On the LS3A5000+LS7A1000 platform, the last VGA device is a S3 graphics 
(08:00.0). This GPU has two cores. Say the log below:


$ lspci | grep VGA

  00:06.1 VGA compatible controller: Loongson Technology LLC DC (Display Controller) (rev 01)
  03:00.0 VGA compatible controller: Advanced Micro Devices, Inc. [AMD/ATI] Caicos XT [Radeon HD 7470/8470 / R5 235/310 OEM]
  07:00.0 VGA compatible controller: S3 Graphics Ltd. Device 9070 (rev 01)
  08:00.0 VGA compatible controller: S3 Graphics Ltd. Device 9070 (rev 01)

[    0.361781] vgaarb: loaded
[    0.367838] pci 0000:00:06.1: Overriding boot device as 1002:6778
[    0.367841] pci 0000:00:06.1: Overriding boot device as 5333:9070
[    0.367843] pci 0000:00:06.1: Overriding boot device as 5333:9070

1) The "weird" logic completely overrides whatever decision VGAARB ever made.

It seems to say that the decision ever made by VGAARB is useless.
Well, I think VGAARB shouldn't endure this; VGAARB has to be small.

  

2) The results it gives are not correct either.

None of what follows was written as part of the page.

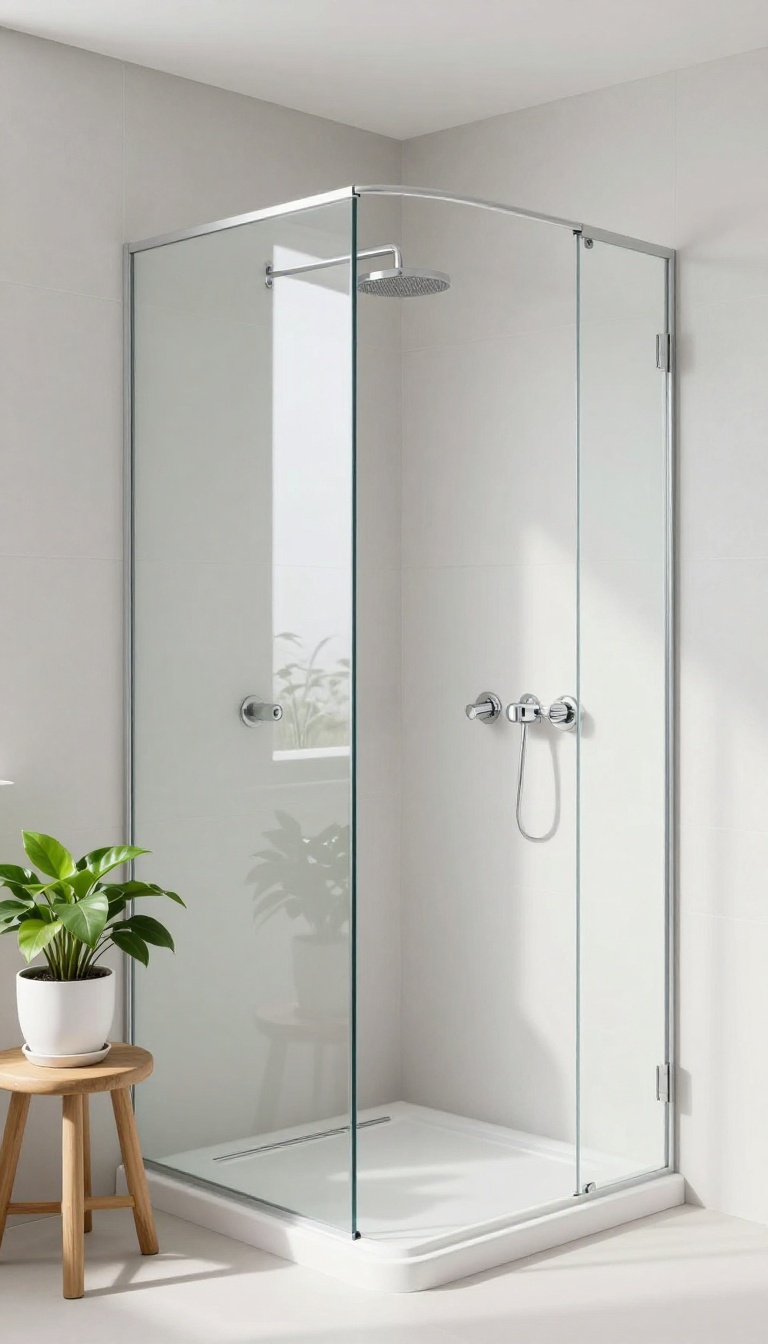 Modern bathroom with a white acrylic shower tray in a glass corner shower, featuring clean lines and natural light.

In the first testing example in my commit message,
it overrides the S3 graphics as the default boot VGA instead of the AMD/ATI GPU.
Actually, the firmware chooses the AMD/ATI GPU as the "frimware default".

  

3) It tries to make the decision for the end user instead of the firmware.

Therefore, that function is always wrong. Again, it's a policy, not a mechanism.


Since that already have been merge, I'm fine.
Maybe Huacai is busy, he might don't has the time to carry on a deep thinking.
But I think we should correct the mistake ever made,
let's merge this patch to make vgaarb great again ?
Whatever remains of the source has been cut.